- Problem description -
Repeat every line of the data exactly; no picture belongs in the copy.

- Given records -
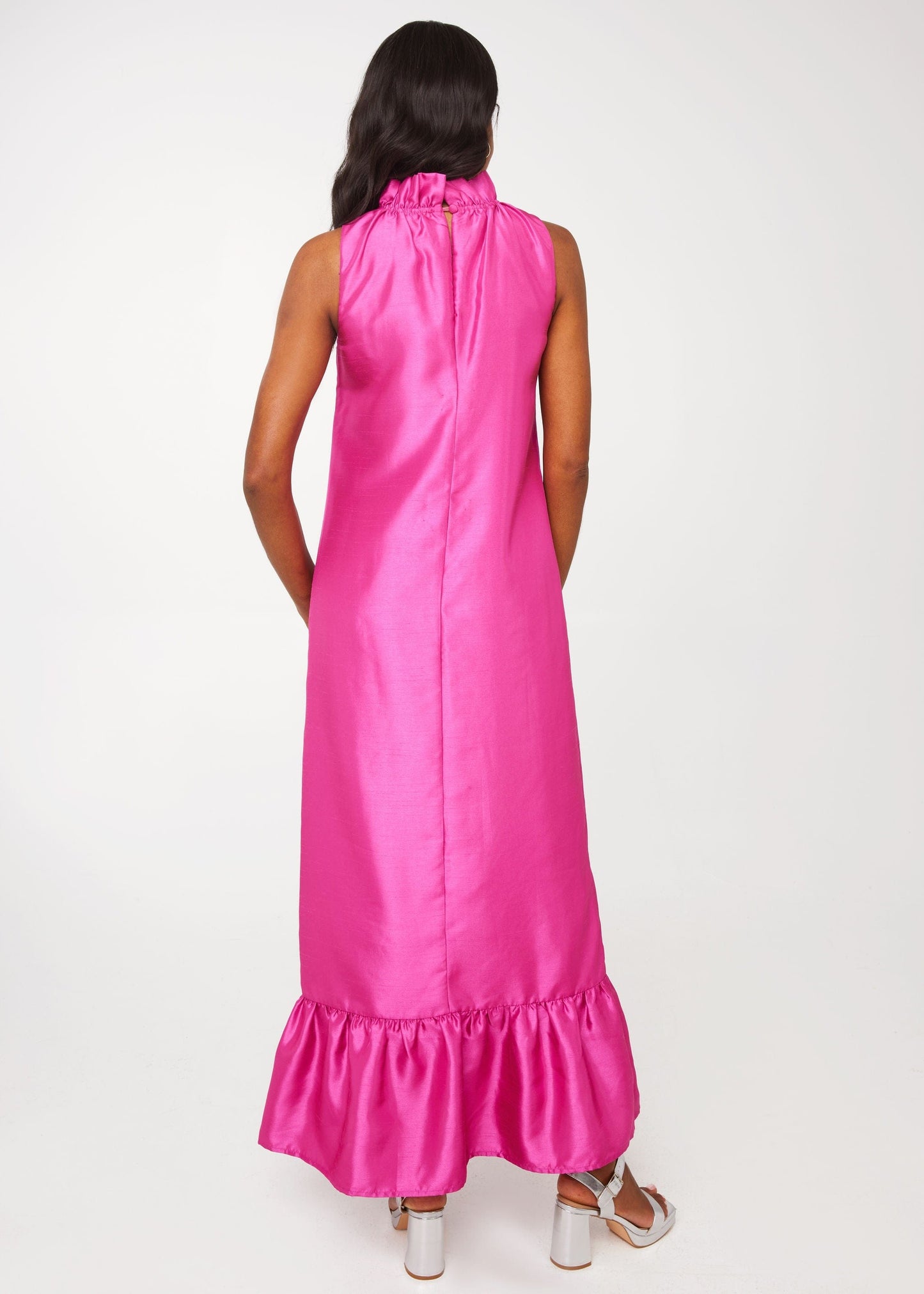 Robe Camille en dupioni rose vif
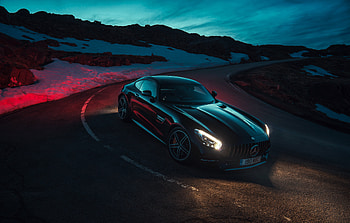 Mercedes-AMG GT C Roadster, black, outdoor HD wallpaper
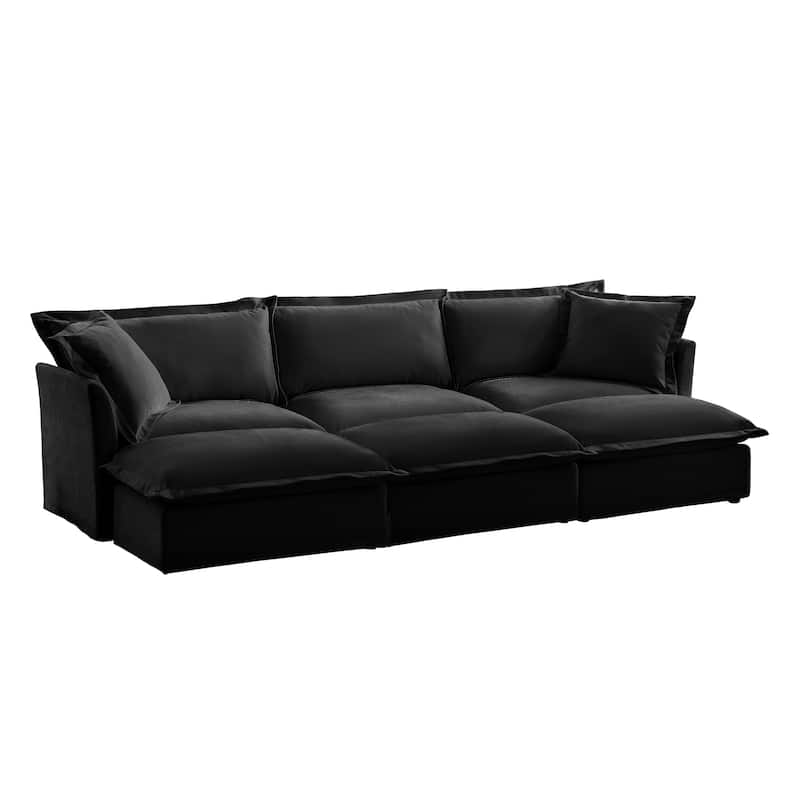 Living Room Sofa Slipcovered Sofa 3 Seater Sofa With 3 Ottomans, Oversized 3-Seat Sleeper Sofa Bed Home Theater Sofa, Chenille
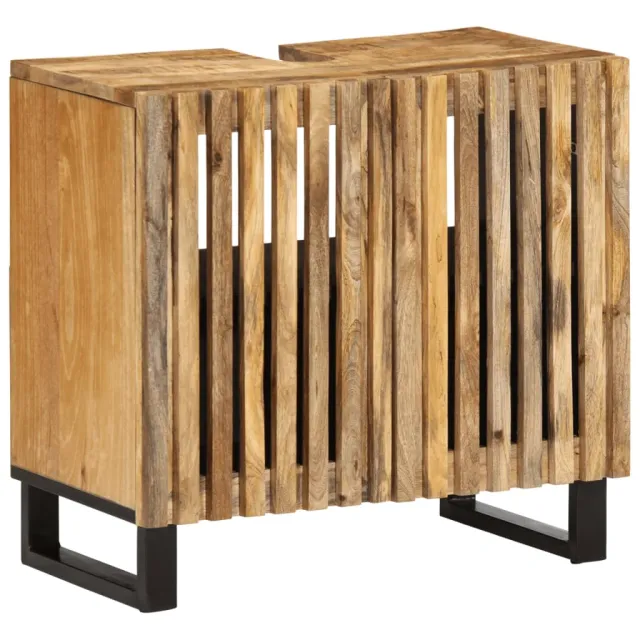 vidaXL Wastafelkast 62x34x58 cm massief ruw mangohout Bruin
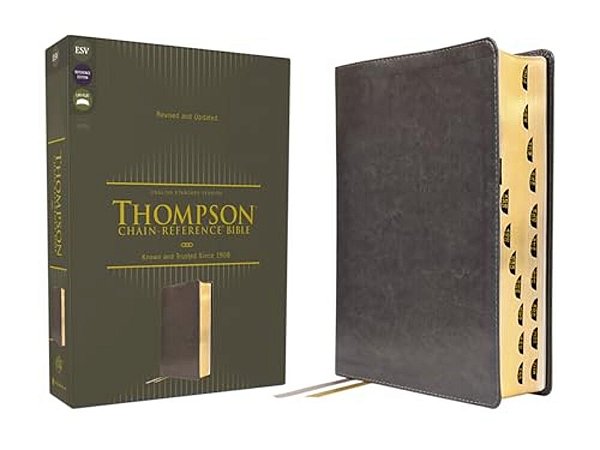 Esv, Thompson Chain-Reference Bible, Leathersoft, Gray, Red Letter, Thumb Indexed-..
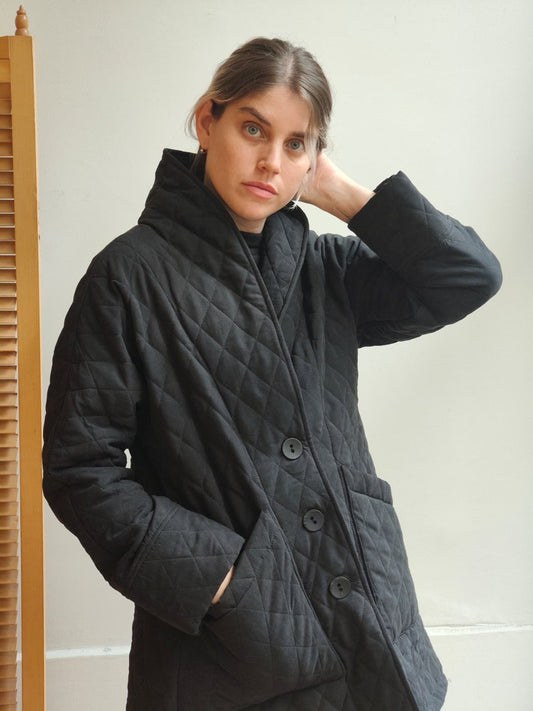 מעיל גריסון קווילט שחור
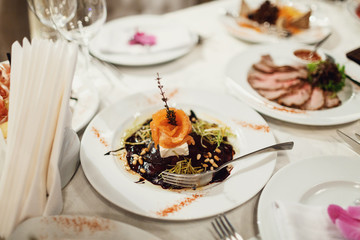 Chocolate mousse with fruit and cheese on top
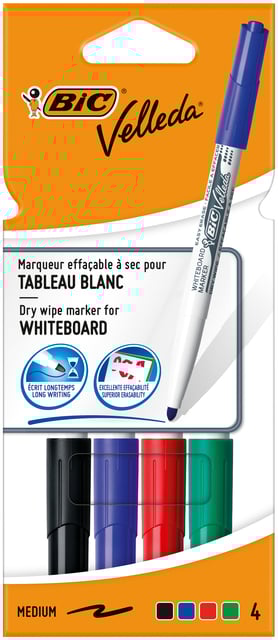Whiteboardmarker Bic Velleda 1744 rond medium assorti 4 stuks afbeelding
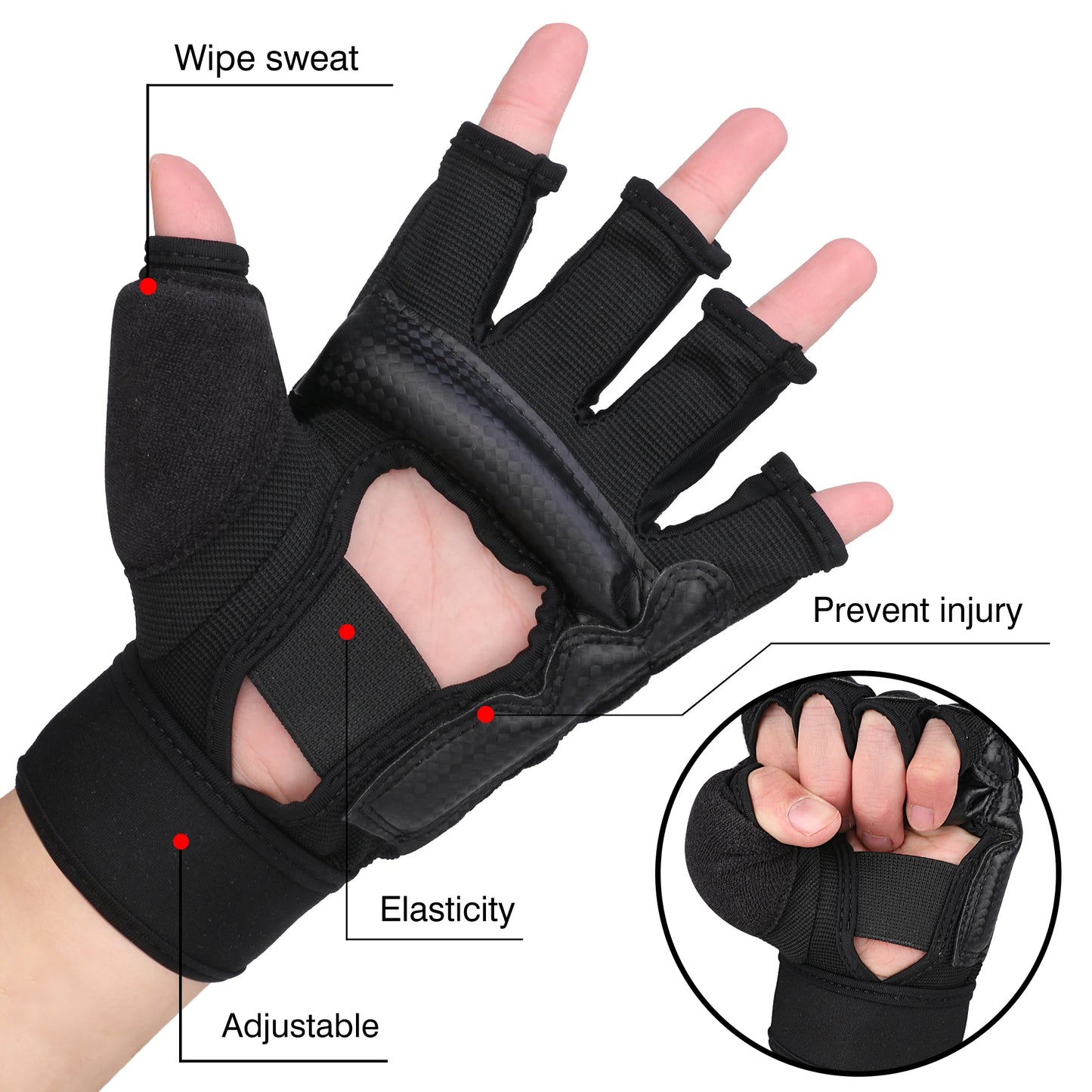 Gants de Boxe Demi-Doigts – MMA / Sanda / Taekwondo / Karaté – Cuir PU – Adulte & Enfant - BLACKBEARD OUTDOOR INDUSTRIES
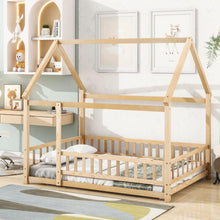 Load image into Gallery viewer, Full Size Floor Wooden Bed with House Roof Frame, Fence Guardrails, Natural
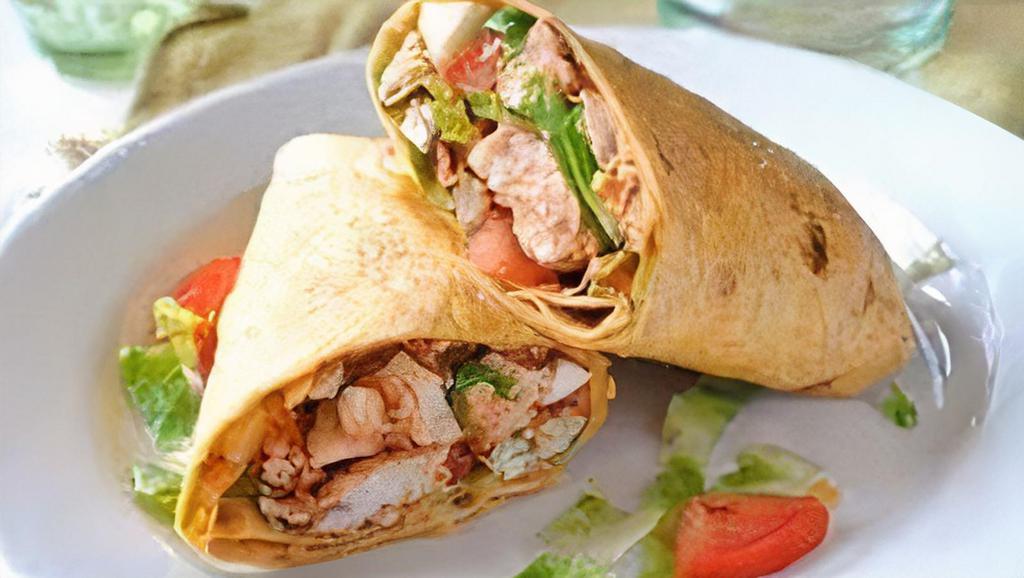 Buffalo Chicken Wrap · Spicy with a touch of ranch, lettuce, tomatoes, blue cheese.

- Task response -
 Robe Camille en dupioni rose vif
 Mercedes-AMG GT C Roadster, black, outdoor HD wallpaper
 Living Room Sofa Slipcovered Sofa 3 Seater Sofa With 3 Ottomans, Oversized 3-Seat Sleeper Sofa Bed Home Theater Sofa, Chenille
 vidaXL Wastafelkast 62x34x58 cm massief ruw mangohout Bruin
 Esv, Thompson Chain-Reference Bible, Leathersoft, Gray, Red Letter, Thumb Indexed-..
 מעיל גריסון קווילט שחור
 Chocolate mousse with fruit and cheese on top
Whiteboardmarker Bic Velleda 1744 rond medium assorti 4 stuks afbeelding
 Gants de Boxe Demi-Doigts – MMA / Sanda / Taekwondo / Karaté – Cuir PU – Adulte & Enfant - BLACKBEARD OUTDOOR INDUSTRIES
 Load image into Gallery viewer, Full Size Floor Wooden Bed with House Roof Frame, Fence Guardrails, Natural
 Buffalo Chicken Wrap · Spicy with a touch of ranch, lettuce, tomatoes, blue cheese.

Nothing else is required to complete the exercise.